Data listing ->

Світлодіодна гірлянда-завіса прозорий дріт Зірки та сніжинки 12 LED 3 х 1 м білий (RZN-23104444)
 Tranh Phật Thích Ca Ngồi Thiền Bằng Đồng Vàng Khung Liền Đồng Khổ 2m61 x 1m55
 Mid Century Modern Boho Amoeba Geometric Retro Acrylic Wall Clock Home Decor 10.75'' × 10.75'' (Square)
---
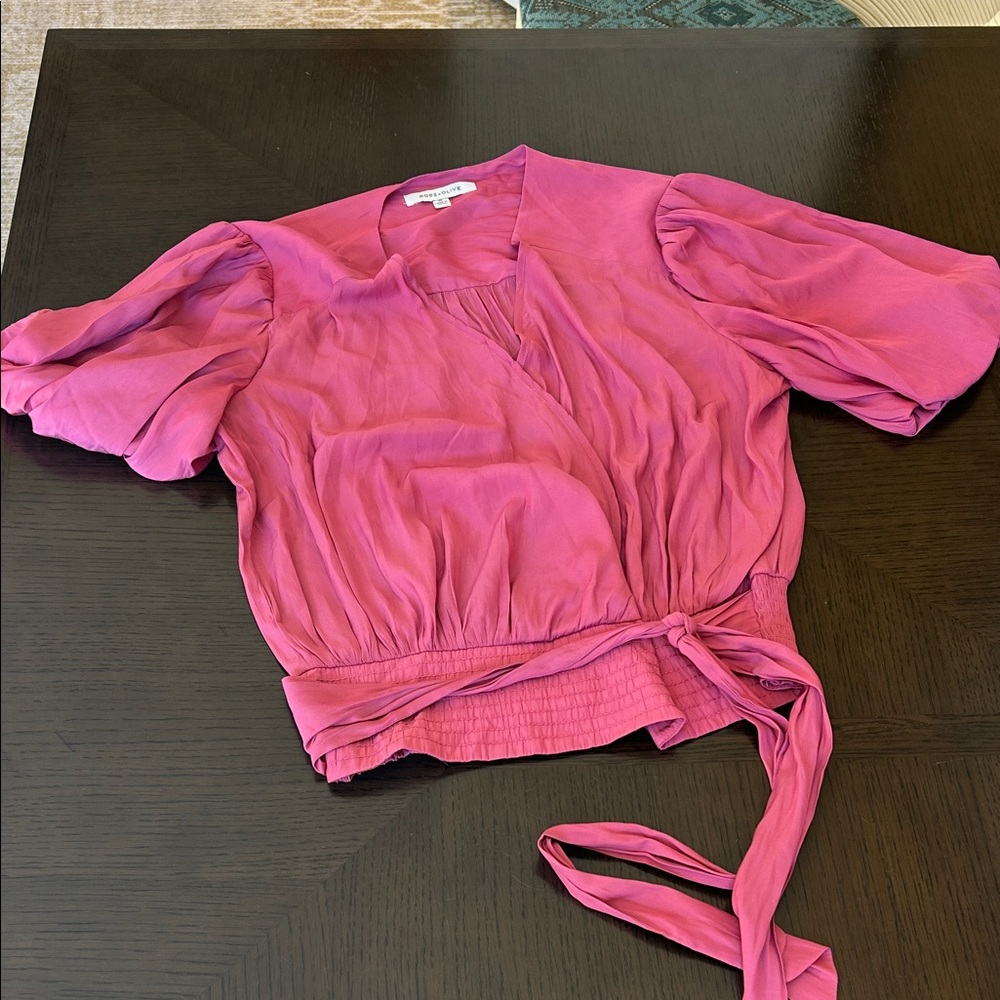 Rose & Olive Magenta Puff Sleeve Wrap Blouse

What needs to be done -> Above are the entries. Copy exactly the part that opens with the line containing "Світлодіодна гірлянда-завіса прозорий" and closes with the line containing "Mid Century Modern", and no more.

Response area ->
Світлодіодна гірлянда-завіса прозорий дріт Зірки та сніжинки 12 LED 3 х 1 м білий (RZN-23104444)
 Tranh Phật Thích Ca Ngồi Thiền Bằng Đồng Vàng Khung Liền Đồng Khổ 2m61 x 1m55
 Mid Century Modern Boho Amoeba Geometric Retro Acrylic Wall Clock Home Decor 10.75'' × 10.75'' (Square)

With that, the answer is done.